As time went on and I became use to “regular” life, I consistently swore I would never be a foster parent simply because I saw how arduous it was on my parents. I would never take care of kids that weren’t my own; I didn’t even want kids of my own for that matter. But life has a way of changing one’s perspectives.
Now, I have seen the statistics.
The statistics of how many children are in foster homes around the state. According to MetroFamily Magazine, there are nearly 9,500 children in foster care in Oklahoma alone.
These numbers don’t even account for how many kids are undiscovered, hurting and in dangerous circumstances.
I’ve heard the news stories of kids who have criminal records. I’ve seen how this often transfers into their adult lives.

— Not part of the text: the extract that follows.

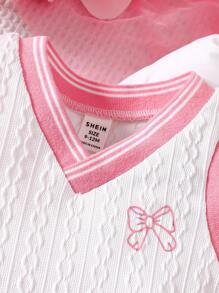 SHEIN 3pcs/Set Baby Girl Spring&Summer Preppy Style,Bowknot Embroidery Vest& Casual Short Sleeveless Shirt &Pleated Short Skirt - Pink - View 6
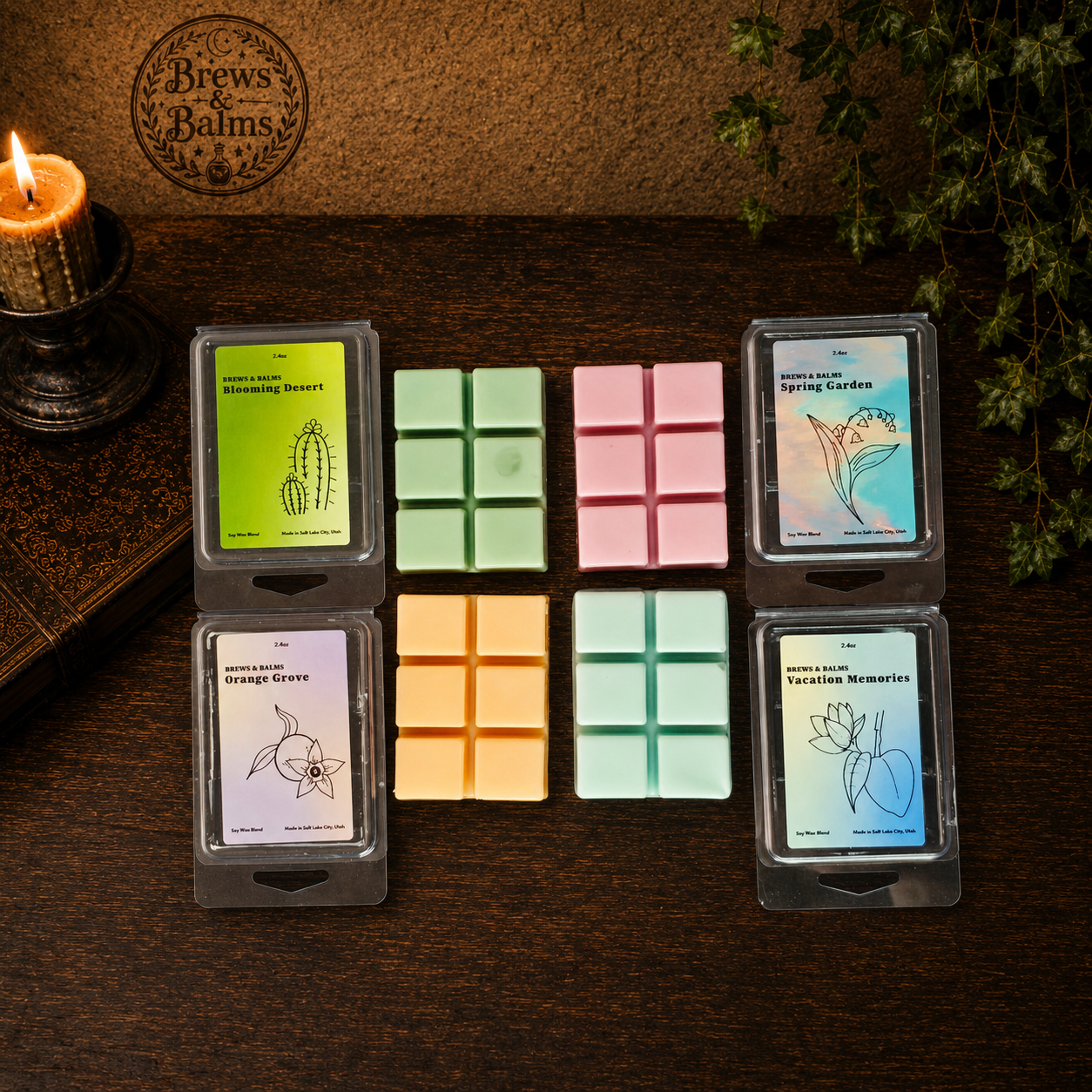Handmade Wax Melts You Pick Scent- Orange Grove, Spring Garden, Blooming Desert, Vacation Memories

Recently I had the opportunity to tour the county jail. As I saw the men in their cells or playing wall ball in the courtyard, I couldn’t help but see the eyes of the boys I built castles with. The boys I called family.
Hearing the stories and seeing the aftermath of people not intervening soon enough makes a question pound inside me:
“If not me, then who?”
I hear this question every time I listen to the high school marching band down the street. Every time I drive through a school zone. Every time I pass a park.
It makes me wonder if any boy or girl playing those instruments, in that school or in that park needs a set of parents to simply give them their time.
As I come to my senior year in college, I look at life ahead with curiosity. I wonder if one day I will have Lost Boys of my own to care for. I wonder if I will give mischievous boys a place for their imaginations, for building LEGO cities and fence panel castles. I wonder if I will give kids a home to dust off their dirt. I imagine that I could. I imagine that I would make a home for the lost like those who had wronged others but are wronged nonetheless. Maybe they won’t have a little boy in green tights as their caregiver. But maybe they will have me.